Orioles shortstop José Iglesias is out of the lineup tonight for the second consecutive game, which leads to the latest quiz.

Is Iglesias on the bench because of his quadriceps, shin or all of the above?

“All of the above,” manager Brandon Hyde said during today’s Zoom conference call with the media.

“It’s a well-deserved day off for him. He’ll be available off the bench. He actually wanted to be available off the bench in the second game last night as well. But yeah, giving him a breather today.”

Iglesias has put aside his defense-first reputation and slashed .375/.400/.508 with 14 doubles in 34 games. His absences will cost him a shot at the batting title in the American League.

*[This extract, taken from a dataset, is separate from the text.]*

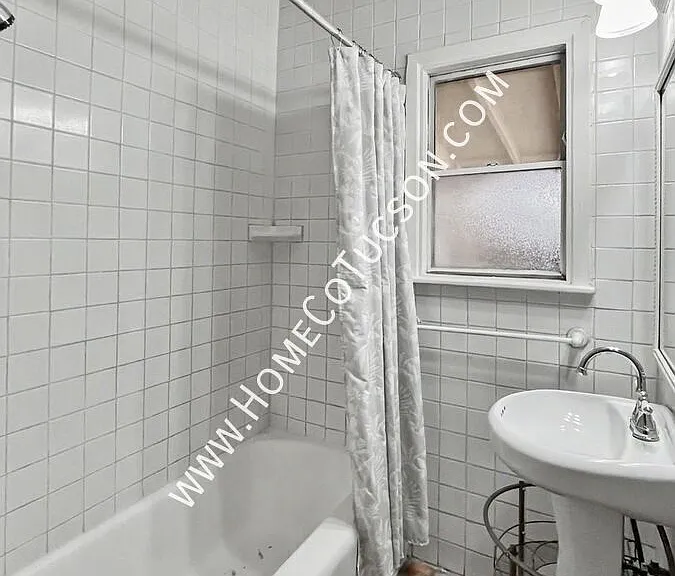 4564 E Seneca St — Photo 17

The media covering the team will cast its votes for Most Valuable Oriole and Iglesias is one of the leading candidates. Anthony Santander appeared to be the favorite prior to straining his oblique, but also is under consideration in a shortened season.

Hyde was asked for his input, a conversation that usually happens off the record during the dugout scrum. He took a diplomatic approach, like a father refusing to single out his favorite child.

“I think Santander, the time he was here, was definitely that choice,” Hyde said. “Now it’s up to you if you feel like that earned full year of consideration. Is that fair?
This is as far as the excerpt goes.